So couple of thoughts and take them with a grain of salt as I am just a consumer of loki like you.

I don't love the struct pattern here as it makes it feel like to add any new log type will always require an MR here. Rather than what I think we should be pushing for to make this more generic. Honestly the only reason I used an | on the regex was just caution but I would have prefered to just wildcard that section and set the log type to the value captured. I did the remapping due to how the original implementation did it although again I would prefer to just have dumped the value from the regex into that value rather than remapping but again to preserve backwards compatibility I didn't. Looking back I would probably advocate for a flag to disable the mapping.

I think the parsing should stay a single regex and we should simply wildcard the type segment. If we need to keep remapping that's fine too but less than ideal in my opinion but is necessary for backwards compatibility.
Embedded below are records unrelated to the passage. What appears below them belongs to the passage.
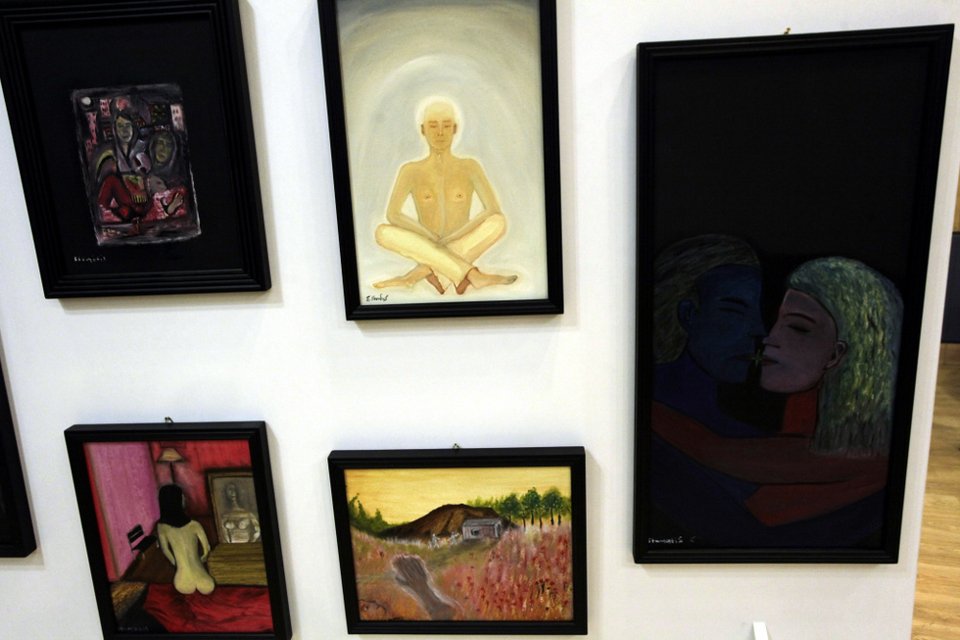 Ο Σταμάτης Γονίδης έκανε... έκθεση ζωγραφικής! [εικόνες]  | iefimerida.gr 7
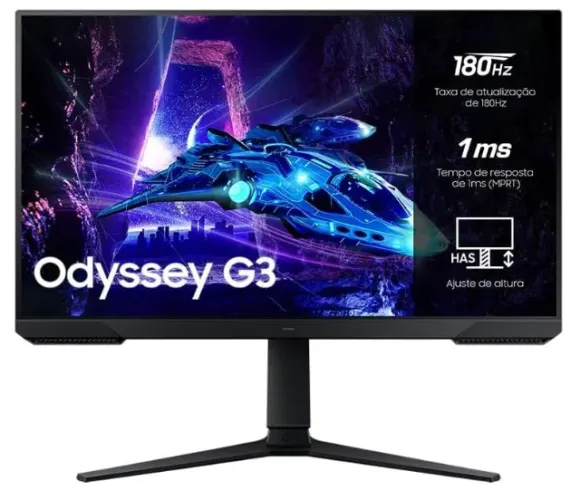 Monitor Gamer Samsung Odyssey G3", 27", 180Hz
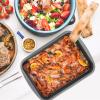 1 Set Stainless Steel Bakeware Roaster Trays Meat Vegetables Pan Baking Pan Food Serving Tray Stainless Steel Cooling Wire Rack Square Griddle Tray Small Tools Non Stick view 2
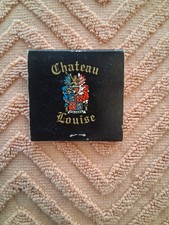 VINTAGE MATCHBOOK - CHATEAU LOUISE RESORT LODGE - DUNDEE, IL - UNSTRUCK New. picture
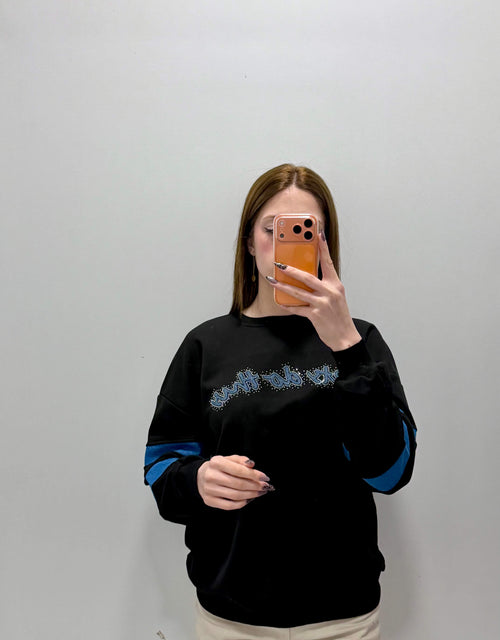 Taşlı Sweatshirt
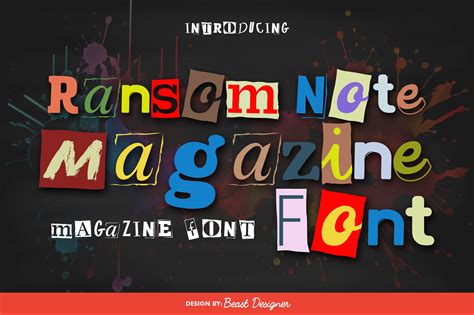 Ransom Note Magazine Font by Beast Designer · Creative Fabrica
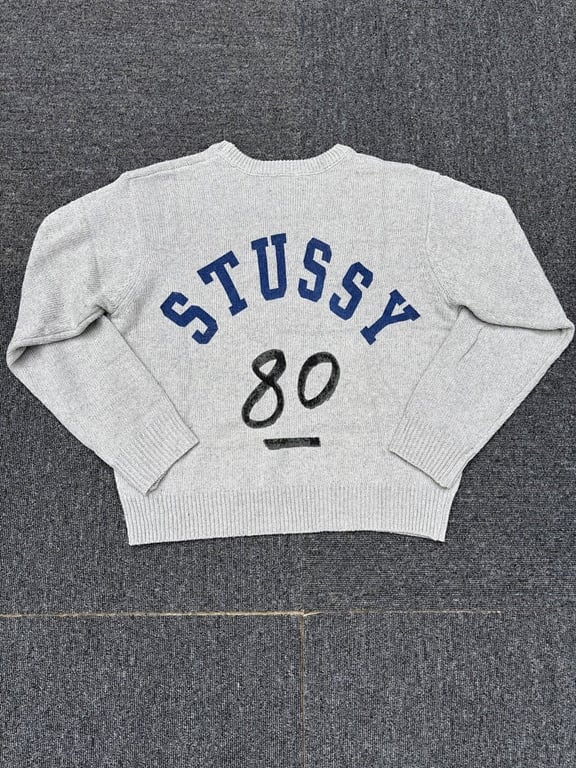 Stüssy FF25 80 Letter Knit Crewneck Sweater - 10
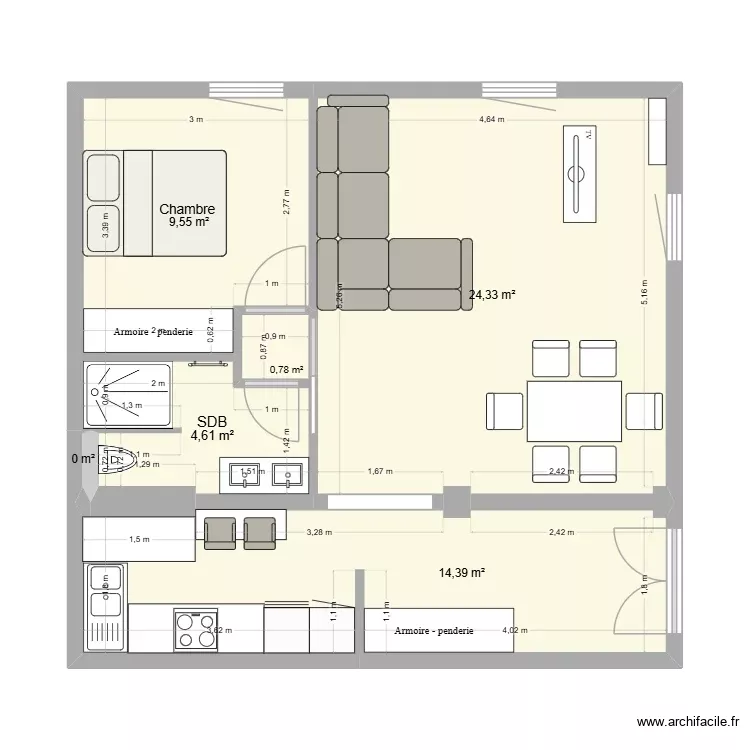 ars. Plan de 6 Pièces et 54 m² ars. Plan de 6 Pièces et 54 m²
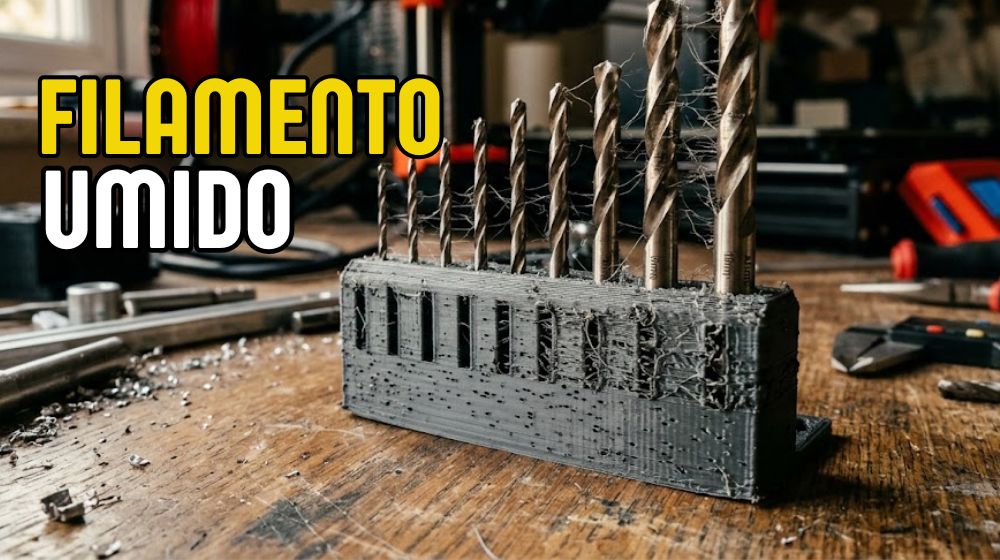 Diagnóstico de Filamento Úmido: Como Salvar Impressões 3D com Falhas e Evitar Peças Quebradiças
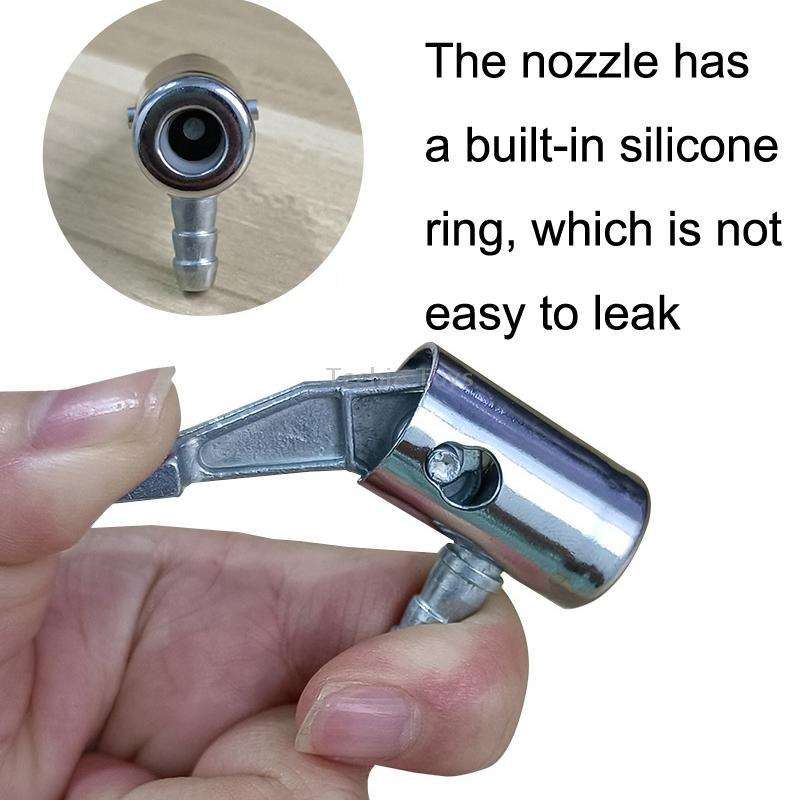 2pcs Vehicle Inflatable Pump Tube Joint Tire Mouth Gas Mouth Tube Fast Connector Inflatable Pump Can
On the topic of timestamps... I explicitly ignored timestamps in the Flow logs as they didn't match the loki standard and adding them could put them anywhere in the log line. Also because of the way firehose worked i figured the timestamp would be close enough. And if they aren't I think the correct pattern to promote would be for the lambda to check a couple of standards and then just set it to the lambda timestamp. Then if you really want the correct timestamp you can use promtail to extract it from the log line and set it. I think this is better than needing to do yet another MR every time we want to support a new log type from S3 is we push most of the parsing to promtail out of the lambda.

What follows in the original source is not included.